What I don't understand is this:
The distances are so vast that we are actually looking far back in time, sometimes billions of years. If it is determined that a far off galaxy is increasing its rate of acceleration away from us, by definition is has only been determined that this acceleration was happening so many million, or billions, of years ago.
How do we know that this is still happening today? |
Roughly, what we know is that the far off galaxy does not look like it's going away from us as fast as the ones near to us. (This indicates that the ones near us are going faster than galactic expansion in the past.)
We assume that, because the universe looks pretty much the same wherever we look, that it actually is the same no matter where we look. This limits the laws of physics that we can use to describe the universe. That is, we assume that the same laws of physics apply to the same kinds of stuff and that the same kinds of stuff is what's out there.
Isn't it conceivable that the expansion rate has slowed, stopped, or even reversed itself, and the universe could actually be contracting at this time?
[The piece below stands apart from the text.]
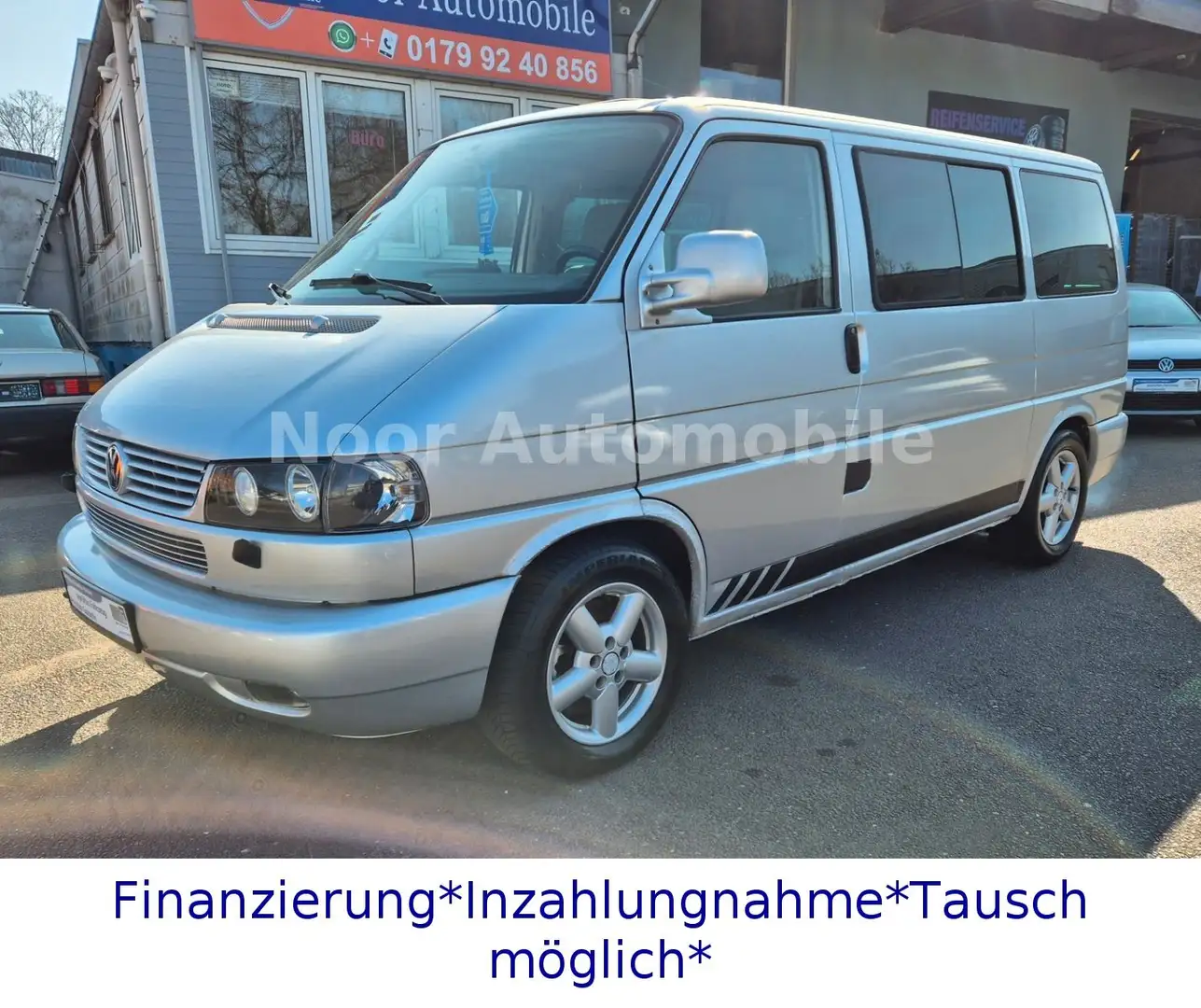 Volkswagen T4 Multivan 2.5 TDI *Klimaa.*AHK*Kamera*StHz.* Argent - 2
It is always possible that there is some new force or forces that act in ways totally different from ones that we have observed. However, given the observed homogeneity of the universe, we make certain inferences to the bahaviour of the spacetime of the universe given the rules laid down by General Relativity.
Given the available observations, we've seen that the universal expansion slowed down initially and then began to speed up a couple of billion years ago.
doc737ng
6th February 2008 - 07:41 PM
PhysBang, thanks for the reply.
So what you are saying is that the nearer galaxies, which are being viewed in a more recent time frame, appear to be accelerating at a faster rate than the far off galaxies, which are seen in a much earlier time? And since the nearer galaxies are more indictitive of what's actually happening at the present time, then we must presume, all things being equal, that the far off galaxies are accelerating as well? We don't actually have evidence, as such, but rather infer this through the observations of the nearer galaxies?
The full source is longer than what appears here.